The anniversary of Justin's death later that summer was definitely Richard's low point. But through the fall, with his focus back on his work and his teaching, he slowly climbed out of the emotional cesspool in which he had been wallowing for a full year. It took several more years, but eventually, he even dated again. His bed partners were still at least a decade younger than him. But at least they were no longer barely out of high school.

It was over eight years after Justin's death that Richard finally met Keith, while on that ski trip to Park City. By then, he felt he had conquered most, if not all, of his demons, and his life was finally getting back on track. But it had been a dark eight years, and he felt it had left him wounded. In that time, he hadn't had a serious relationship of any kind. So falling in love with Keith was both thrilling and terrifying.

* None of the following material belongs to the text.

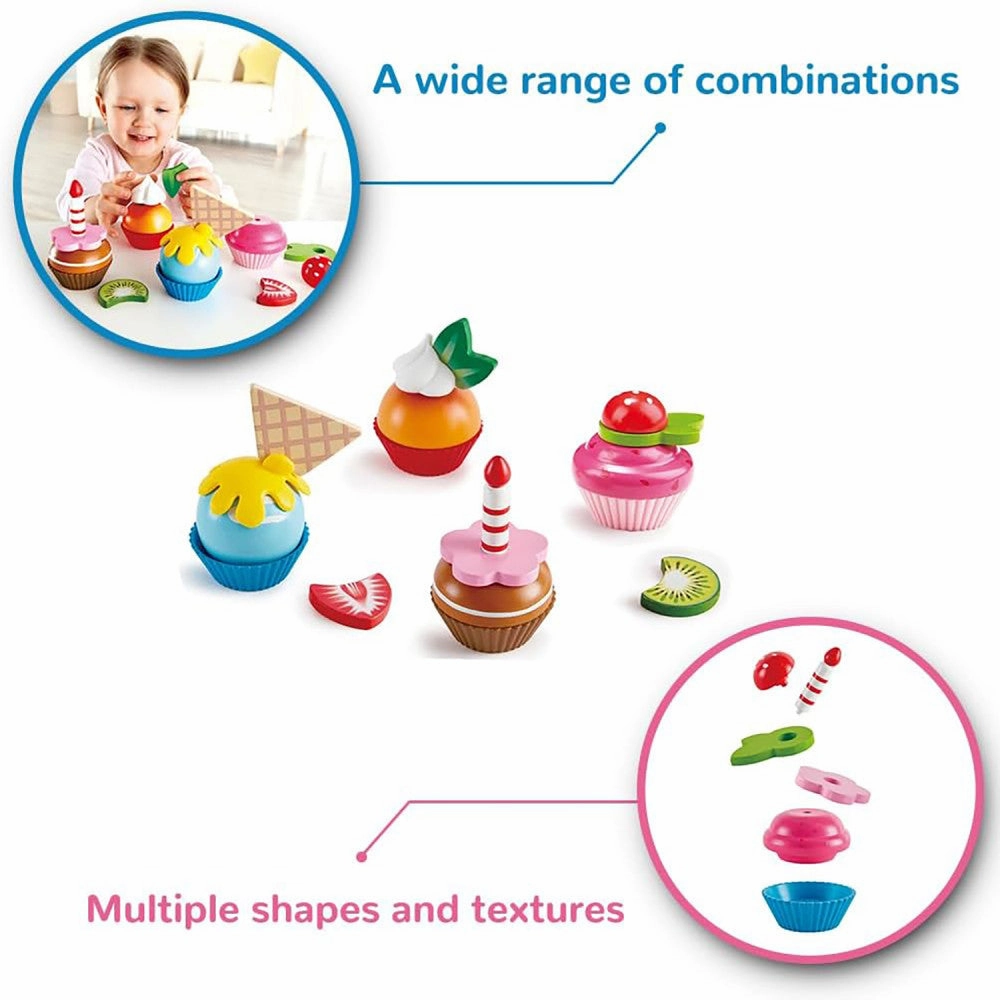 Hape 18-Piece Cupcake Set - Colorful Wooden Desserts Playset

Over the decade they were together, Keith helped Richard to find himself again, and showed him that loving someone was safe. Richard knew that even to Keith, he was still frequently unwilling to open up and fully commit. But once he had confided to him everything about Justin, and about the dark tunnel he had gone through in the years after, he truly felt that someone finally understood. After a year or two he became convinced that Keith was in it with him for the long haul, and he'd help Richard find his way.

Instead of being the savior Richard had always pictured himself to be, for the first time he allowed himself to be the one that was saved. He didn't think that anyone but Keith could ever have accomplished such a monumental task.

And Keith would never truly know how responsible he was for saving Richard's soul from the dark road it was on.